Pimobendan alleviates myocyte apoptosis and fibrosis associated with mitral regurgitation by targeting endoplasmic reticulum stress

Abstract

Background: Endoplasmic reticulum (ER) stress is an important factor in the development of numerous cardiovascular disorders; nevertheless, the association between ER stress and mitral regurgitation (MR) remains inadequately characterized. The molecular mechanism of pimobendan (PIMO) that contributes to the delay in congestive heart failure (CHF) in MR associated with apoptosis and fibrosis is still unclear. Our aim was to examine the impact of PIMO on ER stress, apoptosis, and fibrosis in a chronic MR rat model. Methods: MR was surgically induced in 10 Sprague–Dawley rats, with 5 serving as sham operation controls.

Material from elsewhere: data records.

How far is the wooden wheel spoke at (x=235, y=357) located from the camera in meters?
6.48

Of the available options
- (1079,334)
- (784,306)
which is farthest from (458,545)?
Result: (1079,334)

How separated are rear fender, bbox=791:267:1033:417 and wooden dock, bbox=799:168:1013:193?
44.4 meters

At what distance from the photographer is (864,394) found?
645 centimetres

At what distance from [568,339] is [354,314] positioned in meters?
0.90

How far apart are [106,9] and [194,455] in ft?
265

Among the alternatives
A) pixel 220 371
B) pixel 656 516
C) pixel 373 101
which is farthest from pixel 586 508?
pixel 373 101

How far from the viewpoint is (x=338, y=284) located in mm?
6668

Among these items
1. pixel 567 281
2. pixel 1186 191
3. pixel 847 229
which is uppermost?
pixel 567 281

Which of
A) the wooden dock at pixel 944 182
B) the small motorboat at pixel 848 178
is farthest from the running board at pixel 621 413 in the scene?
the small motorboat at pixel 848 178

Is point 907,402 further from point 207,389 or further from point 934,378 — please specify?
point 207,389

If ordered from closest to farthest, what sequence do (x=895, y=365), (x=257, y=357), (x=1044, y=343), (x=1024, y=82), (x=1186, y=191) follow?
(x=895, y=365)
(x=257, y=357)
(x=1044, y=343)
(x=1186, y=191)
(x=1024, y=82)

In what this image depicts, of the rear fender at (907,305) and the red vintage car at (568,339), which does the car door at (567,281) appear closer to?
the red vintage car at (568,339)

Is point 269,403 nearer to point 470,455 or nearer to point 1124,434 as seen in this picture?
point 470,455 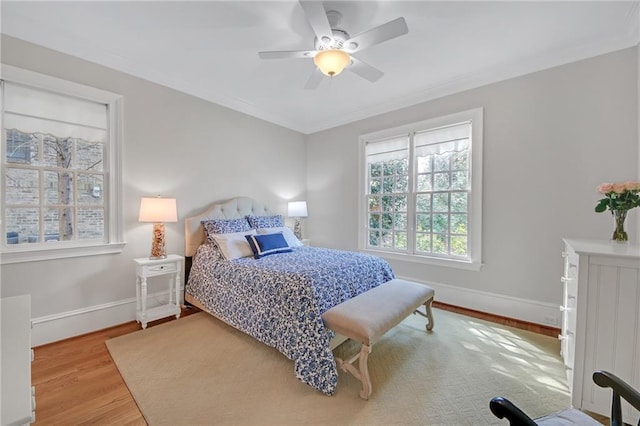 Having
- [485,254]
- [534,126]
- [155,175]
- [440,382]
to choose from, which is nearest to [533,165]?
[534,126]

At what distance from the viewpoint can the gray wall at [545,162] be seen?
2457 millimetres

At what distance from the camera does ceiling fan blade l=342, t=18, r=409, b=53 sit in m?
1.81

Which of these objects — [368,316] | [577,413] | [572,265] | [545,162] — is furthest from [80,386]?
[545,162]

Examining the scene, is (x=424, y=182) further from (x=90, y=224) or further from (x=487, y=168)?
(x=90, y=224)

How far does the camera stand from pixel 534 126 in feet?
9.30

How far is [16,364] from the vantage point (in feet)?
3.02

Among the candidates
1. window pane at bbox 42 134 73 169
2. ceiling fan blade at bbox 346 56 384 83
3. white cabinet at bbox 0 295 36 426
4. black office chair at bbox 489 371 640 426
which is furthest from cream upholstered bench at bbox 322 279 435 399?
window pane at bbox 42 134 73 169

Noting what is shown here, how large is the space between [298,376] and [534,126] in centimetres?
333

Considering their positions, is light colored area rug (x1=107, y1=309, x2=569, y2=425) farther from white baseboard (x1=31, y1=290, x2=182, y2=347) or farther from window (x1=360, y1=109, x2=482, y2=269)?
window (x1=360, y1=109, x2=482, y2=269)

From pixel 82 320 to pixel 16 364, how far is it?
7.33ft

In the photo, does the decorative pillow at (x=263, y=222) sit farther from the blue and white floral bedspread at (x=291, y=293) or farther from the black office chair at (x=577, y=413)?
the black office chair at (x=577, y=413)

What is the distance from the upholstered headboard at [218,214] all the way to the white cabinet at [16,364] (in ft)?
6.93

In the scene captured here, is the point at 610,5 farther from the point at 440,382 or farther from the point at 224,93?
the point at 224,93

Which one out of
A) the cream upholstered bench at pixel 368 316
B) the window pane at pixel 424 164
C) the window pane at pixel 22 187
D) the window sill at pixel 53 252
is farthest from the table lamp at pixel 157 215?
the window pane at pixel 424 164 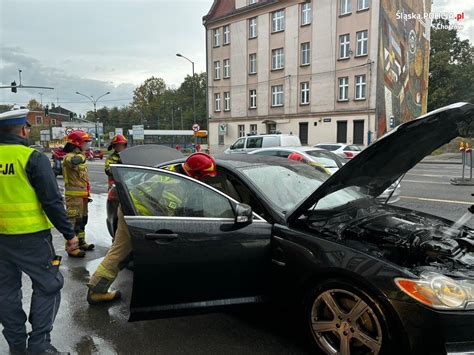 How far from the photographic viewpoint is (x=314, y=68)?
3056 centimetres

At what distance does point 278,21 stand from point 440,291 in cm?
3407

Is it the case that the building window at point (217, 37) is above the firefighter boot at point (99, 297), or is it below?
above

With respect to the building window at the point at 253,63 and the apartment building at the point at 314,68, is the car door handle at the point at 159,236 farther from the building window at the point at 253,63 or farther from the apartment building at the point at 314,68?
the building window at the point at 253,63

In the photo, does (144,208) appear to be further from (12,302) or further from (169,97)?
(169,97)

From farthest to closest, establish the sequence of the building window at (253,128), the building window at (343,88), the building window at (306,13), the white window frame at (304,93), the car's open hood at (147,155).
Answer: the building window at (253,128)
the white window frame at (304,93)
the building window at (306,13)
the building window at (343,88)
the car's open hood at (147,155)

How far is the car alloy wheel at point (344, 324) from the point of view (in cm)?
234

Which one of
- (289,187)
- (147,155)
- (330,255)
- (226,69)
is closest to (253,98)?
(226,69)

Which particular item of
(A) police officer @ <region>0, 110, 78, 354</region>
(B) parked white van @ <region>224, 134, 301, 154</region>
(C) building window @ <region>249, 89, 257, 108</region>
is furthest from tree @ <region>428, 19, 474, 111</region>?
(A) police officer @ <region>0, 110, 78, 354</region>

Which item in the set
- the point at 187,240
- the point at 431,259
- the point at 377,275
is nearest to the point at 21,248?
the point at 187,240

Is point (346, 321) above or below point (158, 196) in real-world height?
below

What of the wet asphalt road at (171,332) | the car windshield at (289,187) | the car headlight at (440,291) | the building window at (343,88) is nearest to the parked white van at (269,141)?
the car windshield at (289,187)

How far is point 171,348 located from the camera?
110 inches

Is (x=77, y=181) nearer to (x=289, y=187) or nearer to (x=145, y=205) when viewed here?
(x=145, y=205)

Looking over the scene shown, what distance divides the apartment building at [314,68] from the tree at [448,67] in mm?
4875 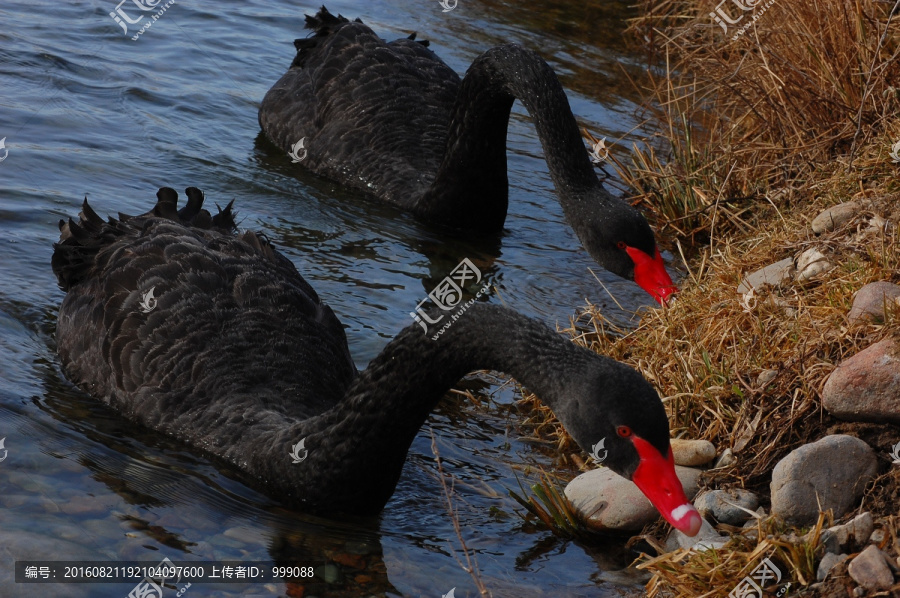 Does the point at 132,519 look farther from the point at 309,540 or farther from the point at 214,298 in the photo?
the point at 214,298

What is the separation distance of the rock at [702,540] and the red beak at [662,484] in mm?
463

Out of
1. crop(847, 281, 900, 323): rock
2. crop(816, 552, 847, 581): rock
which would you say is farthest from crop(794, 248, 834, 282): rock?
crop(816, 552, 847, 581): rock

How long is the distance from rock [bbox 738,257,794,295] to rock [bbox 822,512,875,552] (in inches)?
65.7

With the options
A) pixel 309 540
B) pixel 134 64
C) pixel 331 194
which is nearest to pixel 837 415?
pixel 309 540

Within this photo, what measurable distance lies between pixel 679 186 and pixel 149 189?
3.82 meters

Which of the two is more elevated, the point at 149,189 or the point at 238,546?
the point at 149,189

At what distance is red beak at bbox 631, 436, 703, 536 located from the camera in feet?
12.5

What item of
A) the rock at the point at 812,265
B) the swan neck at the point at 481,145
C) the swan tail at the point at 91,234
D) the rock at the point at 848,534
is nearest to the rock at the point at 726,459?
the rock at the point at 848,534

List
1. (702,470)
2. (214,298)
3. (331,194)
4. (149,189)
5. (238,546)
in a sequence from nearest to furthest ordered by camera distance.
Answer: (238,546) → (702,470) → (214,298) → (149,189) → (331,194)

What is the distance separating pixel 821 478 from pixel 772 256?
2.12 m

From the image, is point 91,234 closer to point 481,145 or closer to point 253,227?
point 253,227

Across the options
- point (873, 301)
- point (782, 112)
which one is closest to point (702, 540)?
point (873, 301)

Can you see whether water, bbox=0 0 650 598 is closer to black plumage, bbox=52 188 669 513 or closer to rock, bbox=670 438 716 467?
black plumage, bbox=52 188 669 513

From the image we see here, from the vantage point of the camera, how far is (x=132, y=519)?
177 inches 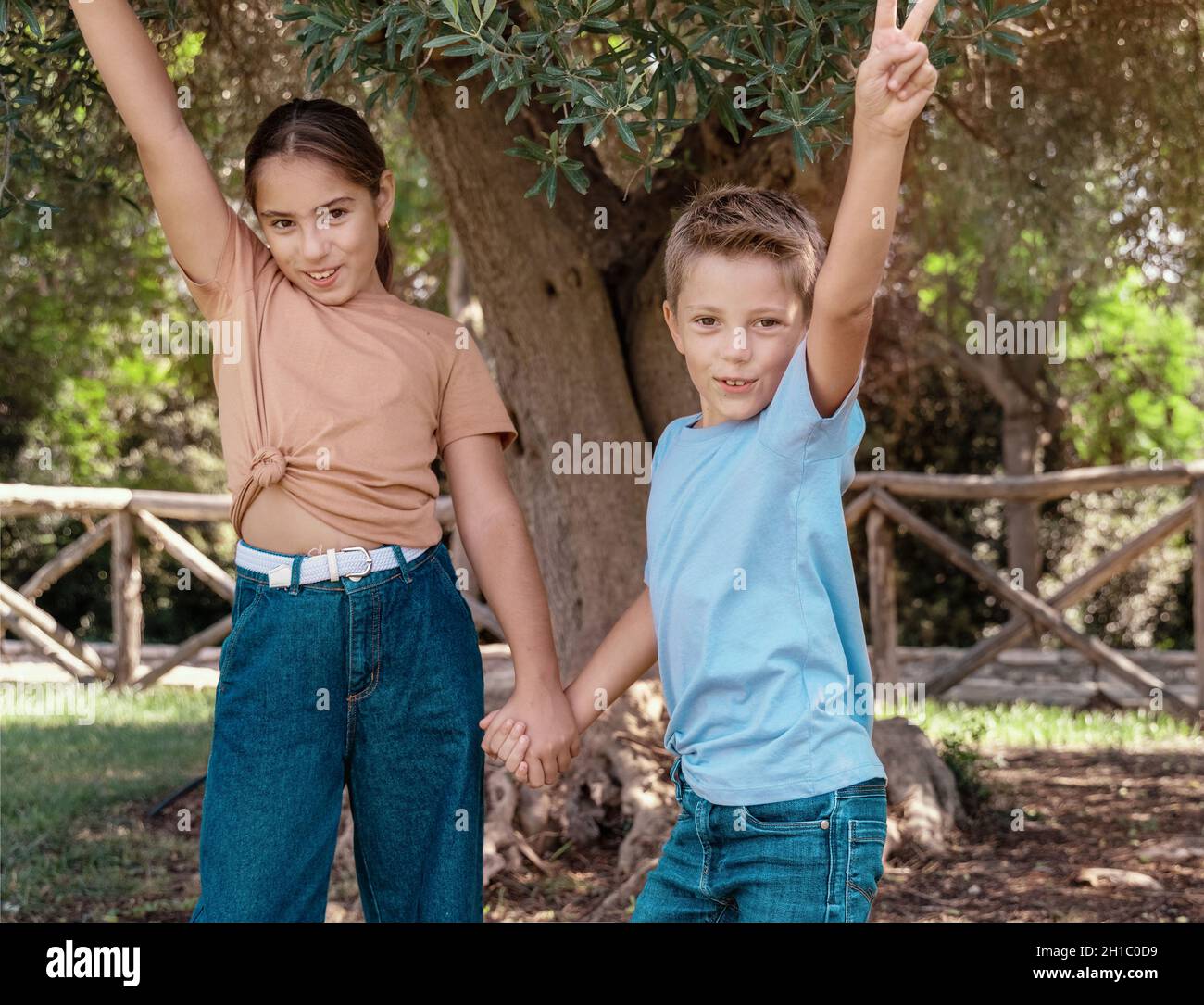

At 8 weeks postsurgery, the MR animals were randomly allocated into two groups: MR and MR + PIMO groups. PIMO was administered twice daily through oral gavage for 4 weeks, whereas the sham and MR groups were administered similar quantities of drinking water. Echocardiography was conducted before the delivery of PIMO as a baseline measure and at the end of the study. At the end of the investigation, hearts were procured for histopathological and ER stress evaluations. Results: PIMO significantly maintained heart function and structural remodeling in the MR animals. PIMO significantly reduced MR-induced myocyte apoptosis (p = 0.044) and fibrosis (p = 0.002) by reducing the messenger RNA expression of genes associated with ER stress (GRP78 [glucose-regulated protein 78], ATF4 [activating transcription factor 4], and CHOP [C/ERP homologous protein]) compared to the MR group (p < 0.05, p < 0.01, and p < 0.001, respectively). Conclusion: PIMO demonstrated cardioprotective benefits on heart function, myocyte apoptosis, and fibrosis by regulating ER stress in an MR-induced CHF rat model.